A final explanation is that thick sequences of volcanic products deposited around Ruapehu cause the low-velocity volume observed. Donoghue et al. (1999) summarize the geology of the ring plain around Ruapehu as consisting of thick sequences of andesitic tephras overlying and interbedded with lahar deposits, lava flows, debris avalanche deposits, fluvial and aeolian sands, and exotic rhyolitic tephras erupted from the central TVZ. Successive episodes of deposition, burial and compaction of material from all these sources may have built up a thick deposit of low-velocity material around Ruapehu. However, it is not clear whether this mechanism could produce the full 6 km thickness of the low-velocity volume observed.

Clearly no single explanation is able to explain fully the low-velocity volume beneath Ruapehu, but it is possible that each has played a part in its formation. The low-velocities observed directly beneath the Crater Lake area may be indicative of hot or partially molten rock remaining from the last eruptive episode. This would certainly be consistent with the seismic ‘soft centre’ and petrological open system models for Ruapehu, which propose a hot conduit underlying Ruapehu Crater Lake, incapable of significantly impeding the ascent of fresh magma. A degree of hydrothermal circulation in and around the conduit would be expected in such a system, serving to broaden the low-velocity volume.

The most reasonable explanation for the low velocities beneath the eastern flank of Ruapehu is considered to be successive, preferential deposition of volcaniclastics to the east due to the prevailing westerly wind direction. This probably occurs in conjunction with continuing downwarping of the crust due to the increasing volcanic load at the surface. Some evidence for this downwarping is seen in the gentle westward dip of the 5.5 km s⁻¹ contour east of Ruapehu (Profile 2, Fig. 8). A possible weakness of this explanation is the lack of evidence in the Vp model for downwarping to the west of Ruapehu, although this may simply be an artefact of the aforementioned low resolution in this area (Figs 7 and 8).

4.2 Ngauruhoe

Similar arguments may be applied to the low-velocity volume observed beneath Ngauruhoe. However, the comparatively young age of Ngauruhoe (2500 yr old) and the slow rate at which the crust flexes (a few centimetres per year) imposes a limit on the amount of downwarping possible.

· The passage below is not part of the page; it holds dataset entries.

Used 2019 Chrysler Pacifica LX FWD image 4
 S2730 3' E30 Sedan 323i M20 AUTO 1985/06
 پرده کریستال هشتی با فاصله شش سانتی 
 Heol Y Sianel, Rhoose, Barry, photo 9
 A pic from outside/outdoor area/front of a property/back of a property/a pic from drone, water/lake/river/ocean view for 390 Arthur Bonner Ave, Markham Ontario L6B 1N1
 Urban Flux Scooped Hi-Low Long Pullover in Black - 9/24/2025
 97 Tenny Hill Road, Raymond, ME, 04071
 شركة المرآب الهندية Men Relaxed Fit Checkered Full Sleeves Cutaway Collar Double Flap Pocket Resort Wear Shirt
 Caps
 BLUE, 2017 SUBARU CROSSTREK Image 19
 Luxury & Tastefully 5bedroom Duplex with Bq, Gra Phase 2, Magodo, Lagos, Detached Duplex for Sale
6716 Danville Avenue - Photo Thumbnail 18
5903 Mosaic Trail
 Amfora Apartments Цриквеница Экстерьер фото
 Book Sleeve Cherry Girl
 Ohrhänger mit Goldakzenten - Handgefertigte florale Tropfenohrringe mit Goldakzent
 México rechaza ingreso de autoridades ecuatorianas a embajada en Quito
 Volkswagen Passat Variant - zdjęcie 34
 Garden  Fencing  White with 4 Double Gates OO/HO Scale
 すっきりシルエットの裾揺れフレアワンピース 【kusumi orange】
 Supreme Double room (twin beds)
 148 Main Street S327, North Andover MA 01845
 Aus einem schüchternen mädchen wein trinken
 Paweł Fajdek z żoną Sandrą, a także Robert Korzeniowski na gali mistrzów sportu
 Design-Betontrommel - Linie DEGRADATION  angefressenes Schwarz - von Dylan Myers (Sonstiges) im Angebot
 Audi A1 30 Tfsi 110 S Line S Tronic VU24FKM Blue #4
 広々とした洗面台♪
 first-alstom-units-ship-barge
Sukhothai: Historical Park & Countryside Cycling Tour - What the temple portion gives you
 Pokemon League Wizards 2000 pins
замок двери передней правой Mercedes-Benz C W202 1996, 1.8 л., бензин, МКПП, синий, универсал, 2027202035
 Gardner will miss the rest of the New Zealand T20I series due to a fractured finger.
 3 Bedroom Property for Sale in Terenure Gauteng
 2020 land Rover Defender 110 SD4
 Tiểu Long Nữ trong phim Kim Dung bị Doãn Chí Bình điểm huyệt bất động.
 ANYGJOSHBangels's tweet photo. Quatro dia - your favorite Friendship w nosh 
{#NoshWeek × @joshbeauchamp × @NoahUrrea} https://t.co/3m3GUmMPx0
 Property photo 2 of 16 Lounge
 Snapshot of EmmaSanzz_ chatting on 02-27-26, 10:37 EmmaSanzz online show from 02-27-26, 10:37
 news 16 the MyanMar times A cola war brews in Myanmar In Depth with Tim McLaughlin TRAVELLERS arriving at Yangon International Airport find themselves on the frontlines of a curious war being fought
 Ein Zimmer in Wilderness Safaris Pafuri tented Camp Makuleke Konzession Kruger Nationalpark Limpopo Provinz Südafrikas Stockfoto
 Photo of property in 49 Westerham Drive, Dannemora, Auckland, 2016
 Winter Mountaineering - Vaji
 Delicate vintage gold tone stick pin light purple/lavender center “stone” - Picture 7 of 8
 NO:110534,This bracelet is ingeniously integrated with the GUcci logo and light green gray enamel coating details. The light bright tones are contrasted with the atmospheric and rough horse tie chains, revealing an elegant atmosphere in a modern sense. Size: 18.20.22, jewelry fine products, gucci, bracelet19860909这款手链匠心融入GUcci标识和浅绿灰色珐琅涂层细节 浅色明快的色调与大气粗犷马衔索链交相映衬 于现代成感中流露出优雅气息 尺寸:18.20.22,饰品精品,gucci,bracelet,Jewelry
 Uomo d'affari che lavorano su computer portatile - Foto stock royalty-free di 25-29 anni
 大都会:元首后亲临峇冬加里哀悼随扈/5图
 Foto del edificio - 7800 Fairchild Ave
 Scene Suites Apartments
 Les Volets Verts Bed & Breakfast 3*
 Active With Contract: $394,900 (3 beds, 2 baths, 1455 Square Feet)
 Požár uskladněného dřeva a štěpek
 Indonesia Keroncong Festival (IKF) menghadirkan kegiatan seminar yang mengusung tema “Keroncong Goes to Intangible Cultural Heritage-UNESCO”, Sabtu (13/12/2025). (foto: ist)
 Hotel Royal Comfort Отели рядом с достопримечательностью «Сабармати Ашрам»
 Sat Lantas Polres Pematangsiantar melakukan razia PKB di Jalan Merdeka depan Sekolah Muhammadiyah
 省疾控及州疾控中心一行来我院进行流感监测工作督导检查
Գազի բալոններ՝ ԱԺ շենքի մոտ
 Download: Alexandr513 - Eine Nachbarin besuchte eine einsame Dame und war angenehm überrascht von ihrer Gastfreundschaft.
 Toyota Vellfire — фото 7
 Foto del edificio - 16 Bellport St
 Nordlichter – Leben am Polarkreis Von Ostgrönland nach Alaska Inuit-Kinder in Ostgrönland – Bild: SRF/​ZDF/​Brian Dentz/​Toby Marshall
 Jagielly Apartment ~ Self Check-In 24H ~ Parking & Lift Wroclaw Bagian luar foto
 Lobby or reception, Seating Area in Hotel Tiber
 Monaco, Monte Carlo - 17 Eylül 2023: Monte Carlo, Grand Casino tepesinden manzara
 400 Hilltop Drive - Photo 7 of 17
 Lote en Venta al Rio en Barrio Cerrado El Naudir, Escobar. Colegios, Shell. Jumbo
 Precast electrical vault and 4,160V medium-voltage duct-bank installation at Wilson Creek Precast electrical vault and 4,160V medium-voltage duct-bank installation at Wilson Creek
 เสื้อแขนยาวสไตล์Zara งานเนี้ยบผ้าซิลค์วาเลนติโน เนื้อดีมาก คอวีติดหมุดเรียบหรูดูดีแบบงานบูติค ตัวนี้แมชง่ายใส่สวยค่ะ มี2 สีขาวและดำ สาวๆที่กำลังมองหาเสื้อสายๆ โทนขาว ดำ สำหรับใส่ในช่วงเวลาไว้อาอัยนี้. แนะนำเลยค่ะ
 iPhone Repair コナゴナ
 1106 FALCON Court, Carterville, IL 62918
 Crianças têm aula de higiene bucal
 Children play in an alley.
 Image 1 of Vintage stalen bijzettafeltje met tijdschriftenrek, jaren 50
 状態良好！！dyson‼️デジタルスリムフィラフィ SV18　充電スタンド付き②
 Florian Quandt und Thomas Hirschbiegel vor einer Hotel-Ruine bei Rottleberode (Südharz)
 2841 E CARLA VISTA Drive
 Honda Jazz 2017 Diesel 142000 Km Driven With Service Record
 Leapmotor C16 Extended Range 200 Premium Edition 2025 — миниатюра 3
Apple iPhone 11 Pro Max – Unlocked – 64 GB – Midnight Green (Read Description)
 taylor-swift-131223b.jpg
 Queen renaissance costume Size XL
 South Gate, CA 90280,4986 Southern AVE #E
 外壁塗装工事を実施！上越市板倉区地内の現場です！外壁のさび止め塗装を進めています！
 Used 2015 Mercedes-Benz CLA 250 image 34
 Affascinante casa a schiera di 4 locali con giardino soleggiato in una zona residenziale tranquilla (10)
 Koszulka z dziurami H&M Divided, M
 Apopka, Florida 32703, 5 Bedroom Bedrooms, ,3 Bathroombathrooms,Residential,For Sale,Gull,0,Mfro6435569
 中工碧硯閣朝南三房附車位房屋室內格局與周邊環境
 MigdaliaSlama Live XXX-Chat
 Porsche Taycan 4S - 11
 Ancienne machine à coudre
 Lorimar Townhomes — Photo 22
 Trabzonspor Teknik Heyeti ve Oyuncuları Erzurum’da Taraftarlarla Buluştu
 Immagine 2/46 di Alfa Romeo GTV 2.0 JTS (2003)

The most likely explanation for the low-velocity volume beneath Ngauruhoe is a complex of hot or partially molten material left over from previous eruptions. Such an explanation would agree with the interpretation of Hobden et al. (1999) of the extreme chemical variability of different lavas from Ngauruhoe indicating a network of interconnected conduits and small magma chambers.

The possible role of hydrothermal circulation is not clear at Ngauruhoe. Although the seismically active geothermal system beneath Tongariro is only some 2 to 3 km distant, Ngauruhoe exhibits very little seismicity. This aseismicity may indicate that no active geothermal system is present beneath Ngauruhoe. However, some active geothermal systems are known to be largely devoid of seismicity, e.g. Ohaaki (Sherburn et al. 1990, 1993; Bryan et al. 1999). We, therefore, cannot eliminate the possiblity that an active geothermal system underlies Ngauruhoe and that our 6-month recording window may simply have coincided with a low level of seismic activity.

Regardless of the present situation hydrothermal circulation has certainly occurred in the TgVC in the past (Nairn et al. 1998). It is possible that a volume of rock that was hydrothermally altered during previous eruptive episodes may underlie Ngauruhoe and contribute to the low-velocity volume observed.

4.3 Tongariro

Several active geothermal vents are found on Tongariro. The low-velocity volume observed at shallow depths is, therefore, most easily attributed to the presence of a hot source body for the geothermal field and to the effects of hydrothermal alteration. A broad area of low V_p/V_s ratios is also observed at shallow depths beneath Tongariro (Fig. 10). As discussed previously, this feature cannot be regarded as being particularly well-resolved. Nevertheless, low V_p/V_s is at least consistent with the presence of water within a geothermal system.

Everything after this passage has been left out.